Fiz demasiados inimigos nesta tentativa de um microcosmos
do "cacau". Anos depois, em Madri, escrevi o ainda inédito Recordações
de Coisas Passadas, onde obviamente falo o suficiente de Itabuna.
Como ando escrevendo fragmentos sobre Barcelona
- seja em poesia, entrevistando seus artistas ou no meu próprio
Diário -, regresso à questão do porque da preferência
pelas cidades imaginárias, pois a bela Barcelona, como Sintra ou
Fez, é uma cidade irreal, colagem de muitos mundos, como uma criação
artística dadaísta .
Será que temo falar claramente do sul baiano?
Sim, foram tempos duros. Itapé sempre me pareceu uma vila de uma
novela de Graciliano Ramos, um mundo onde nem mesmo os laços familiares
produziram-me significâncias com a terra.

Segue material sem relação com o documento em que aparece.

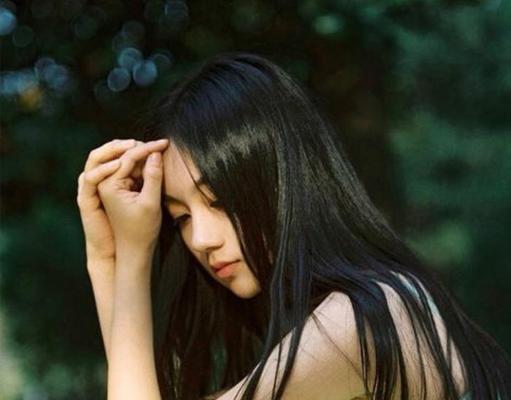 挽回女友心的秘诀是什么？面对新欢如何应对？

Lembro com faíscas de alegria verdadeira,
o cheiro de cacau maduro, os banhos de rio com os cinco irmãos,
as baronesas com flores lilás, os passeios a cavalo, jaca mole madura,
aimpim cozido, o vôo noturno enquanto todos dormiam, os vagalumes
e os louva-a-deus, uma jaqueira no alto de um monte e estrelas cadentes
na madrugada, a luz de lampião iluminando a leitura de vidas de
Autran Dourado, o silêncio da noite, a beleza miúda
e descalça de d. Nininha, papai Antonio comendo pitú aferventado,
as fogueiras de são joão, a feira popular aos sábados
e os lírios brancos no pasto.
Não sou um produto legítimo deste
lugar. Prefiro as cidades positivas, no sentido que de algum modo dão
a sensação de cidades vivas e vitais. Itabuna, apesar das
diferenças lógicas, também sofre dessa impressão
de que a grandeza não está nunca no presente, e que em troca
parece estar num passado recente desconhecido por todos.

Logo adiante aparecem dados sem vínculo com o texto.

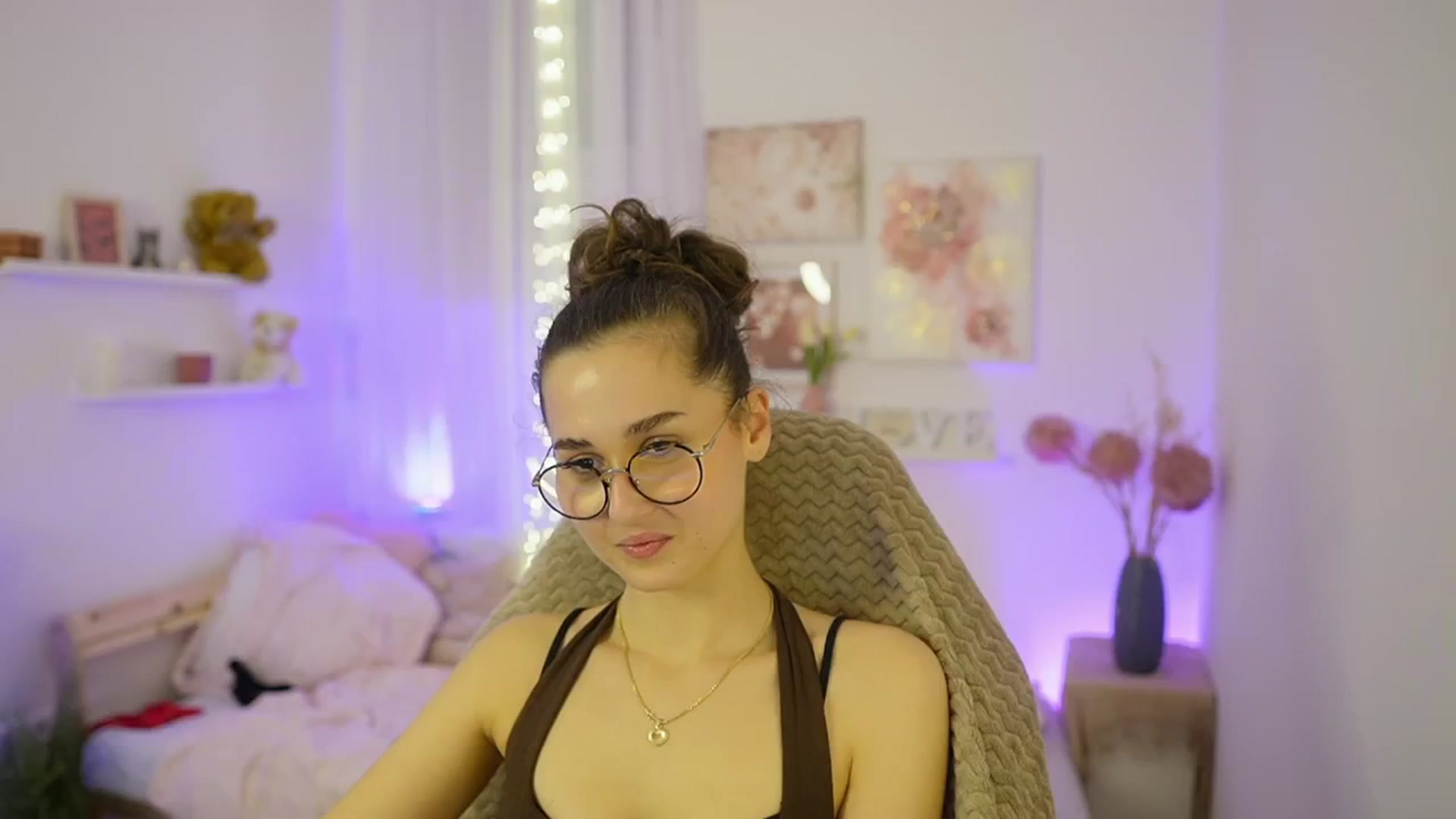 Gallery image thumbnail from Anita_Grey_'s myfreecams stream on, 11/12/2025, 21:45 image 5 of 20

É uma cidade que tem sua história,
sua grandeza, sua cultura e, nos últimos meses em que vivi nela,
uma atmosfera irrespirável.
É uma cidade que "havia podido ser". Está
no ocaso, quem sabe no futuro, ou bem à falta de futuro.
Poderia lembrar com nostalgia e um sorriso discreto
nos lábios: as matinês no cine Marabá vendo western-spaghetti
protagonizado por Giuliano Gemma, as conversas poéticas com Genny
Xavier, os bailes nos clubes de subúrbio, a reza poderosa de "sêo"

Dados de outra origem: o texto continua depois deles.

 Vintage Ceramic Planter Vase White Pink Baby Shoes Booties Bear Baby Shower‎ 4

Marinho, a energética de d. Luzia, a cegueira nunca aceita de Vovô
Bispo, os senhores casados e seus jovens e secretos amantes, Joanita
Vital dizendo: "Vá embora deste lugar. A vida verdadeira nao mora
aqui", o humor diplomático de Nilsinho Ramos, as irmãs Ribeiro,
o desassossego de Moisés Filho, a animada prima Mariazinha, Zéis
encerando assoalhos, o mulato Cristina de mini-saia prostituindo-se nas
ruas, o desatino febril da meiga Meire Chaves, a presença magnética
de Marta Veloso, o falatório em alta-voz de Edjalma, os finais de
tarde na locadora de Claudinha Lucas, noitadas frenéticas
com Marcão e Celimar, a melancolia mística de Moysés
Simões, a corpo escultural de Gustavo Haun, o New York, New York
de Leda e Gioconda, as sessões de jazz com Luis Wilde, Jaziel Guimarães
travestindo-se como uma deusa, os eclipses de beleza em amantes outrora
inconfessáveis, as primeiras poesias publicadas, o comportamento
moderno e charmoso de tio Gervásio, o olhar de puro amor de mama
Lurdes, banana frita e cuscus, as cartas acertadas da cigana Tânia,
a lógica rutilante de Ruy Póvoas, os sinais espirituais,
a irreverência de Sérgio Brandão, os excessos da sedutora
Ana Nunes e a inteligência efêmera de Renatinho Alpoim, as
festas familiares na casa da Conceição da Avó Áurea,
os amigos queridos que enlouqueceram e eu não soube dar uma mão,
os prazeres e os dias na rua Ramiro Nunes de Aquino, os momentos de descoberta
no Divina Providência, a palavra acertada e precisa de Tica Simões,
Ney Galvão e sua boutique El dia que me quieras, o talento culinário
de Altino Henrique, Paulinho Queiróz e seu grupo Retrato Fatal,a
arte de Alceu Pólvora e Guga Frederico, o incentivo jornalístico
de Manuel Leal, Waldirene Borges pintando em seu atelier, a simplicidade
bonita e o cozido domingueiro de Angelina, a luminosidade de Cinha Dantas,
a beleza hipnotizante e juvenil de Michael Maron e Maria Fernanda,
acarajé com guaraná, a cumplicidade com Aldo, as piadas de
Drao, a mitologia em torno de Candinha Dórea, a publicação
do
alternativo Narciso com o iconoclasta Maurício Pinheiro, o desejo
encerrado entre quatro paredes de um escritório e o talento pouco
aproveitado da atriz Eva Lima.
Certa vez encontrei-me com três extraterrestres,
fato inacreditável e fantasioso para muitos, e minha vida mudou,
deixei de me divertir em Itabuna, precisava partir. Dava a impressão
de estar numa cidade que seria atingida por um violento raio divino e,
como Lot, teria que ter o cuidado de nem ao menos olhar para trás,
pois poderia diluir-me em pó.
Tive repentinamente a consciência que vivia
descentrado, marginalizado pelos ilustres colegas escritores e solenes
jornalistas. Precisava urgentemente da diversidade que desenha uma identidade.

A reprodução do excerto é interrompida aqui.